The central bank is set to reduce rates for the first time since 2020 at its meeting on Sept. 17-18. Because officials have signaled greater confidence that they can make multiple rate cuts over the next several months, they are confronting questions over whether to cut by a traditional 0.25 percentage point or by a larger 0.5 point.
Powell kept all his options on the table in a speech last month in Jackson Hole, Wyo., that surprised some of his colleagues with its unambiguous call to turn attention to incipient risks in the jobs market. “The direction of travel is clear, and the timing and pace of rate cuts will depend on incoming data, the evolving outlook and the balance of risks,” he said then.
Officials last year raised their benchmark rate to around 5.3%, a two-decade high, and will have held it at that level for the last 14 months to combat inflation, which has declined notably.
They are nervous about keeping interest rates too high for too long amid evidence that higher borrowing costs are working as intended to slow inflation by cooling spending, investment and hiring. They don’t want to let slip through their grasp a soft landing, in which inflation falls without a serious jump in joblessness.
Answers to the tactical question over how fast to go could reveal clues about the Fed’s broader strategy. The amount of cuts over the next few months “is going to be a lot more important than whether the first move is 25 or 50, which I think is a close call,” said Jon Faust, who served until earlier this year as a senior adviser to Powell.
Recent economic data have been mixed. Several analysts said firmer housing costs in the consumer-price index report Wednesday weakened the case to push through a larger cut next week, sending market expectations of a smaller cut to around 85%, according to CME Group. But a separate report Thursday signaled that underlying prices in the Fed’s preferred inflation gauge were likely to have been considerably milder in August, keeping the door open for the Fed to focus on preventing labor-market softening.
Meanwhile, hiring in June and July was weaker than initially reported, but payroll growth improved in August. Layoffs have been low. Claims for jobless benefits last week stood at roughly the same low level of one year ago, the Labor Department said Thursday.

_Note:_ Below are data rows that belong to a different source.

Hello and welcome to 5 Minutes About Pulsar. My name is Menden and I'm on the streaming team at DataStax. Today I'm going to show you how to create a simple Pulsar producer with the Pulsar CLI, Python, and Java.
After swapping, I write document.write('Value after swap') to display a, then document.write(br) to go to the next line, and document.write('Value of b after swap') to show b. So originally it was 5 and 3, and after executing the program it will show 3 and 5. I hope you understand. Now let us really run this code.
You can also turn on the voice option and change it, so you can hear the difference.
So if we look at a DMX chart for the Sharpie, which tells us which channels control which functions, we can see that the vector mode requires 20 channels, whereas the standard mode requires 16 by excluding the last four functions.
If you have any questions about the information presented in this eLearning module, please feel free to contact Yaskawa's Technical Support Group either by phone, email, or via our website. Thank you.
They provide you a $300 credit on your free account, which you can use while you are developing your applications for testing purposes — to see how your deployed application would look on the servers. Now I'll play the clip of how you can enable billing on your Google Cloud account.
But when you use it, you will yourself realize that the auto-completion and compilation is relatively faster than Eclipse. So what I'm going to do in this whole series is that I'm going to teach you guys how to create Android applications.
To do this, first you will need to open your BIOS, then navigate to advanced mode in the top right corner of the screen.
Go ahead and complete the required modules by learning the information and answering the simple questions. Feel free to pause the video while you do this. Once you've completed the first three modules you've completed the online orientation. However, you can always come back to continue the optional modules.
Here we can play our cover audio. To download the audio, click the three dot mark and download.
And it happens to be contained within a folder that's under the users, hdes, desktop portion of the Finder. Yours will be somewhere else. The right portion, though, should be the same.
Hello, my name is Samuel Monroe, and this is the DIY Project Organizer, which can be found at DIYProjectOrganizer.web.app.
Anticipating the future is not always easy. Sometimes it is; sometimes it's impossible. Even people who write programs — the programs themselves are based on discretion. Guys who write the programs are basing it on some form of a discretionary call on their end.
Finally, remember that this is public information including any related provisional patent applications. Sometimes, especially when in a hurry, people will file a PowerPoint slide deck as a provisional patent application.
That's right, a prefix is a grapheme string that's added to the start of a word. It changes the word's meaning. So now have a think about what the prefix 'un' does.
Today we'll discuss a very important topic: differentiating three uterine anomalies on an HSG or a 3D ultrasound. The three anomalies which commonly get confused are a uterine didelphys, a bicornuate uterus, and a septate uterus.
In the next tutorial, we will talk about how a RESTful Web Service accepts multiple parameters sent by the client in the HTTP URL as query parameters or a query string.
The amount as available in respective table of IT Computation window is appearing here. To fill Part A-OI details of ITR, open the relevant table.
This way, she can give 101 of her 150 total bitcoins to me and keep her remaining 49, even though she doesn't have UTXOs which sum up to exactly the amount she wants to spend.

Quarterly economic projections to be released at next week’s meeting could further complicate matters. Those projections will show how many rate cuts officials expect this year. The Fed has three meetings remaining this year: next week, and in November and December.
Those projections aren’t the product of a committee debate but could be as important to investors as the size of the rate reduction, especially if officials opt for the smaller cut. Because markets expect the Fed to cut rates by more than 100 basis points this year, projections that show fewer cuts risk a market pullback that tightens financial conditions, sending up borrowing costs at the very moment the Fed is reducing short-term rates.
The Fed normally prefers to move in increments of 0.25 point, or 25 basis points, because smaller adjustments give them more time to study the effect of their policy changes. Some officials have suggested they would rather speed up the pace once the economy looks like it is weakening further.
Alternatively, officials could conclude that if they expect a 50-basis-point move is likely in November or December, they ought to make that move now, when rates are farthest from their ultimate destination.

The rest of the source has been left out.